It may be premature to think that the events of Sept. 11 will have much more effect on Hollywood other than the mad scramble we've already seen -- typified, so far, by Warner Bros.' indefinite postponement of an ill-timed Arnold Schwarzenegger movie and the mad, fluttering butterfly sound of countless CGI experts' tapping away at their computer keys to erase images of the World Trade Center from every movie already in the can.
And of course, it's unrealistic to expect that Hollywood will actually respond to a crisis by giving us more of what we really want (especially when we don't know exactly what that is). But if the past few weeks have taught us anything, it's that we can't predetermine what we can "realistically" expect from people. Nothing I've ever seen in my life prepared me for the grace, kindness, decency and good sense I saw, and continue to see, among New Yorkers (not to mention people across the country) in direct response to the World Trade Center attack; now I wonder why I ever expected less of them. An unrealistic expectation is not the same as an unreasonable one -- and even if it were, let's just say that now is the time for American moviegoers to be unreasonable.

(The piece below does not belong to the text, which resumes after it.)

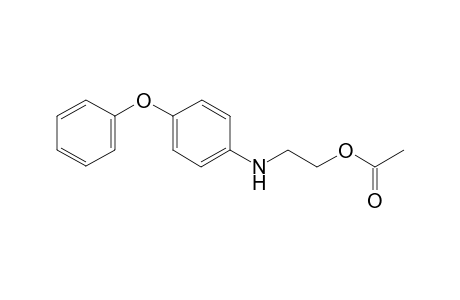 2-(4-phenoxyanilino)ethyl acetate
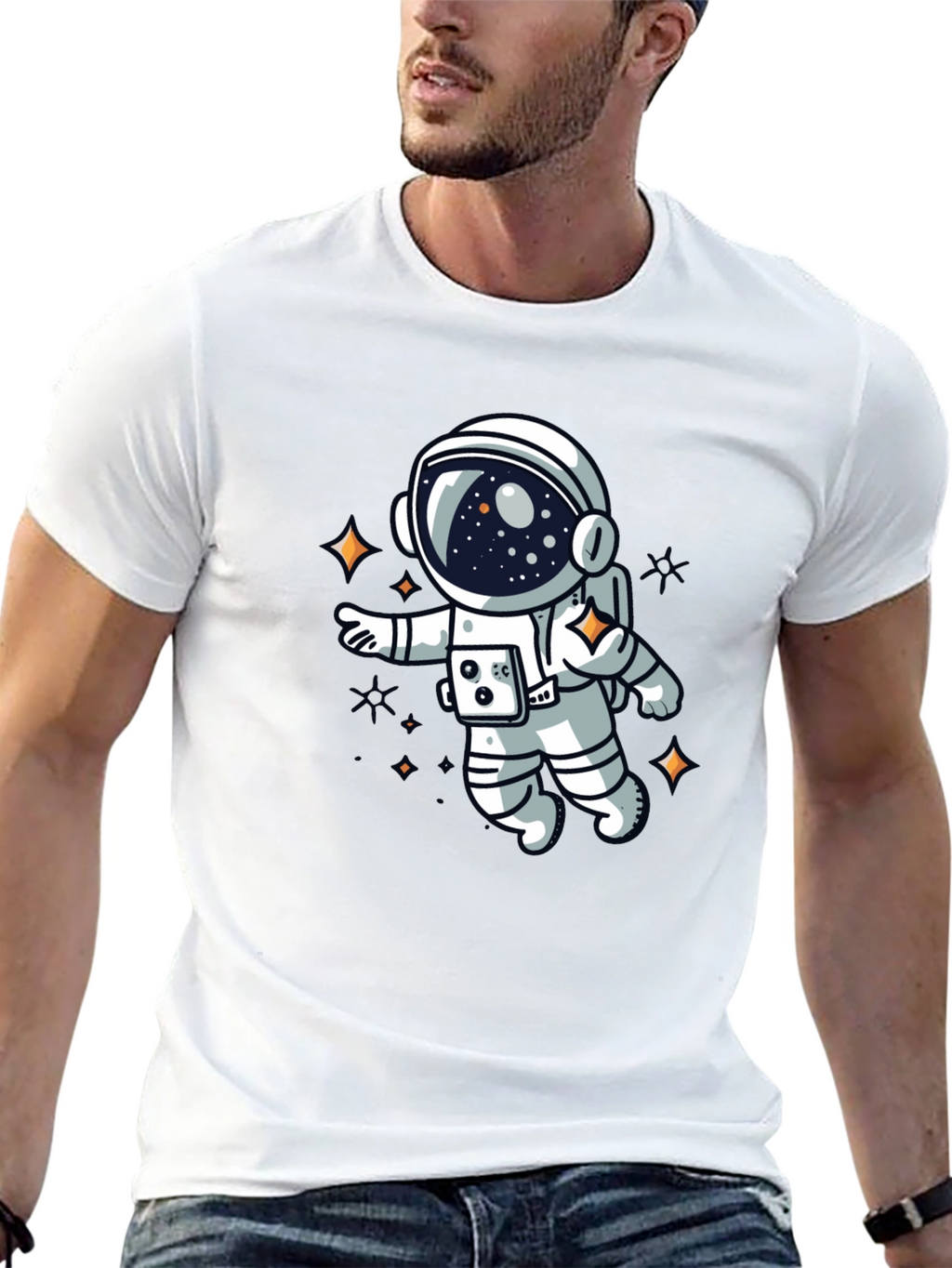 Astronaut Graphic T-Shirt - Space Adventure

These next few months are likely to be viewed by Hollywood as a testing ground for what audiences will and will not tolerate. "Hardball," a reasonably entertaining formula picture about a guy whose life is changed by the inner-city Little League team he coaches, did particularly well in the wake of Sept. 11: Baseball is, after all, the national pastime, and audiences tend to like stories about personal transformation, particularly if they're not too sappy.

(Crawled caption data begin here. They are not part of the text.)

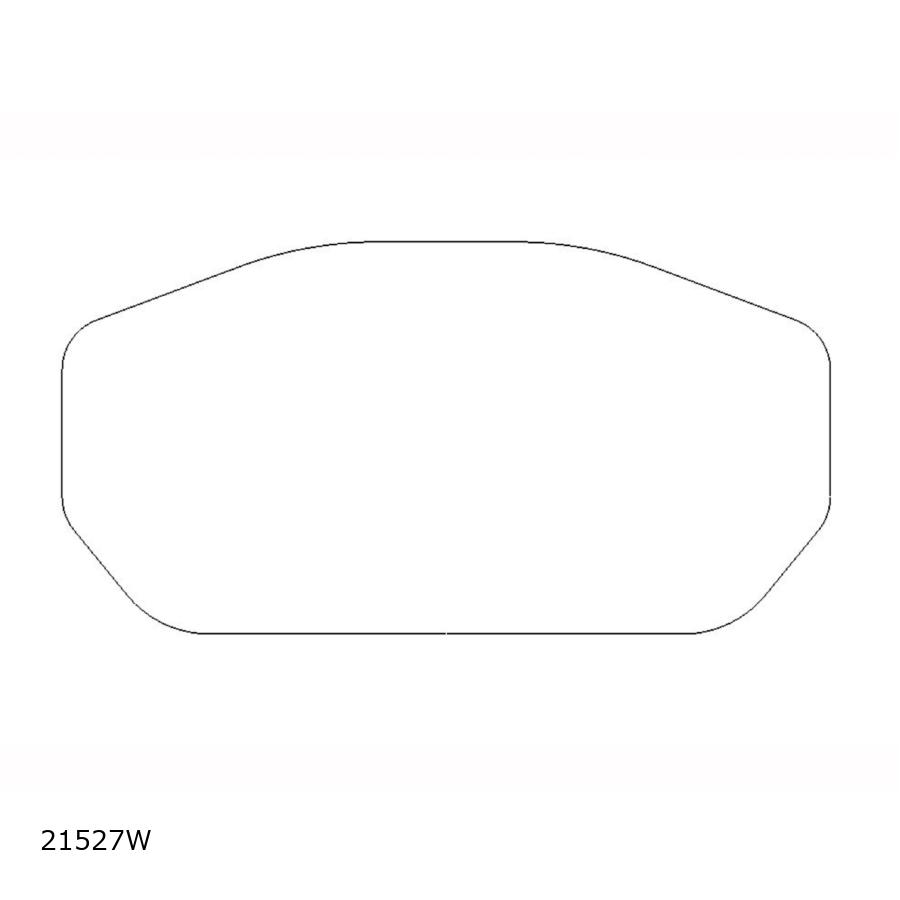 Puig (プーチ) ダッシュボードステッカープロテクター DUCATI STREETFIGHTER V2 /SUPERSPORT 950/S 21527W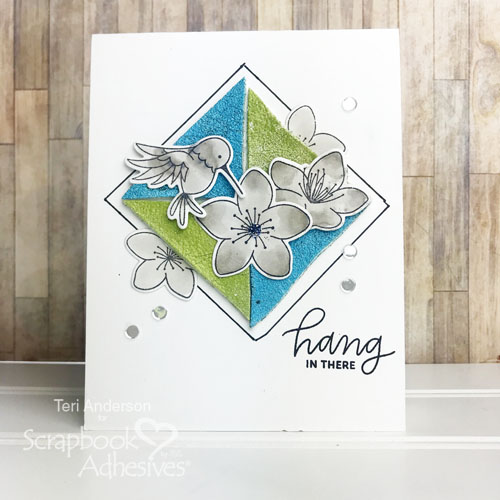 Faux Clay Tiles Tutorial by Teri Anderson for Scrapbook Adhesives by 3L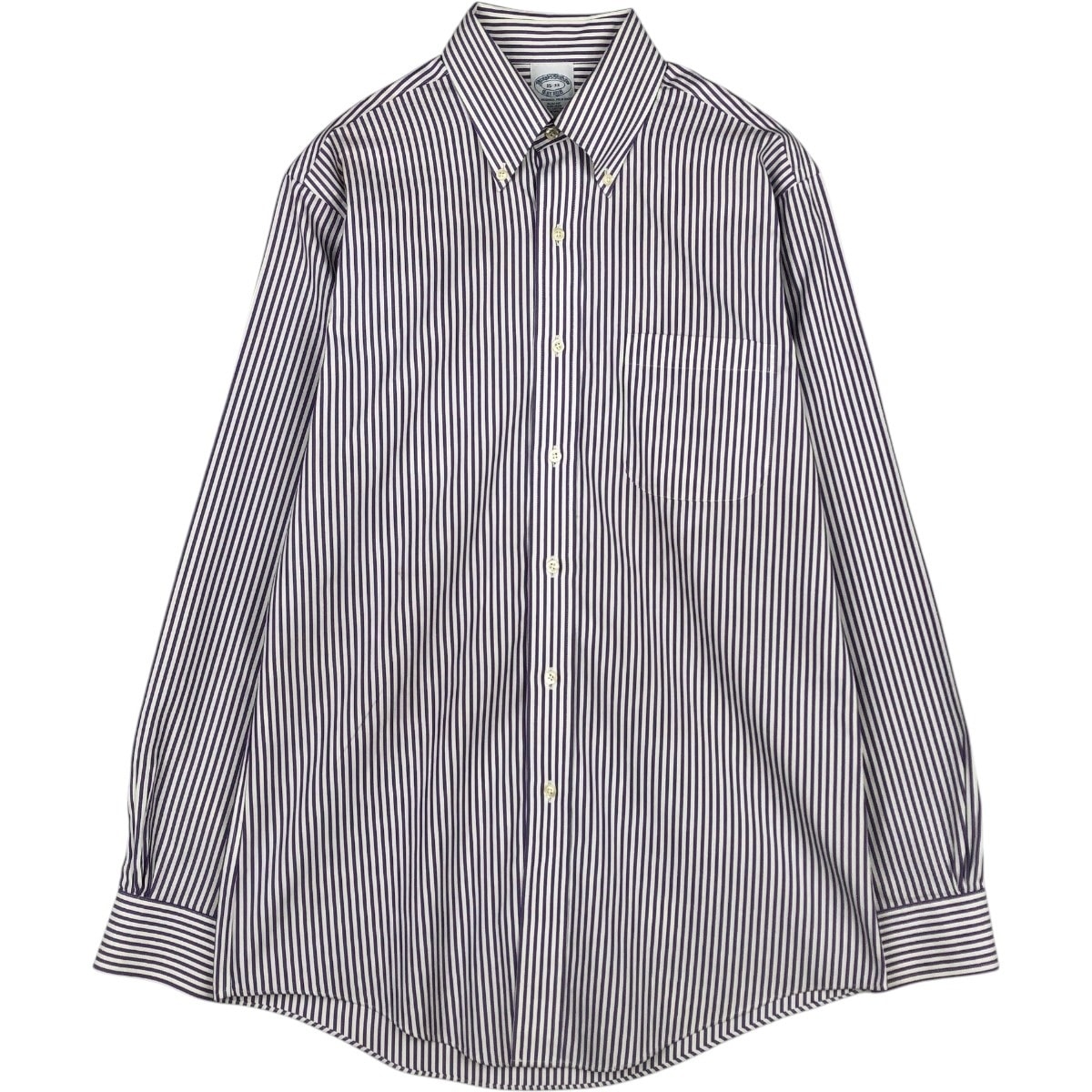 古着 ブルックスブラザーズ Brooks Brothers Est.1818 長袖 ボタンダウンストライプシャツ メンズM相当/eaa676462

In this brave new world of movies, sappiness may be our biggest worry. In his study of the Second World War, "Wartime," Paul Fussell explains the effects a major war can have on the popular writing of its day, and it's easy enough to extend the metaphor to other popular art forms: "It will mean, among other things, that E.B. White will replace H.L. Mencken as one of America's most attended-to observers and commentators. ... That is, the age will demand that analysis, criticism, evaluation, and satire yield to celebration, charm, and niceness."
Whatever shape the United States' battle against terrorism takes, Hollywood will definitely respond with some sort of propaganda -- that's simply what Hollywood does during wartime. We shouldn't assume, though, that that propaganda will necessarily take the shape of movies like the World War II-era "Mrs. Miniver," or even like the movies we all readily acknowledged as Reagan-era propaganda, things like "Top Gun" or "Rambo." Those are only the most obvious examples of the way Hollywood goes to work on us. Propaganda takes all kinds of insidious forms. "An Officer and a Gentleman," a movie generally viewed as just a swoony love story, is actually an exceedingly artful example of Reagan-era propaganda: Richard Gere's character becomes worthy, grown-up, respectable, only after he has been "tamed," transformed from a tattooed biker into a spit-and-polished officer. His worth is dictated by how well he conforms; it's OK if he cries, but only in the service of reinforcing the movie's cowboy-soldier rhetoric.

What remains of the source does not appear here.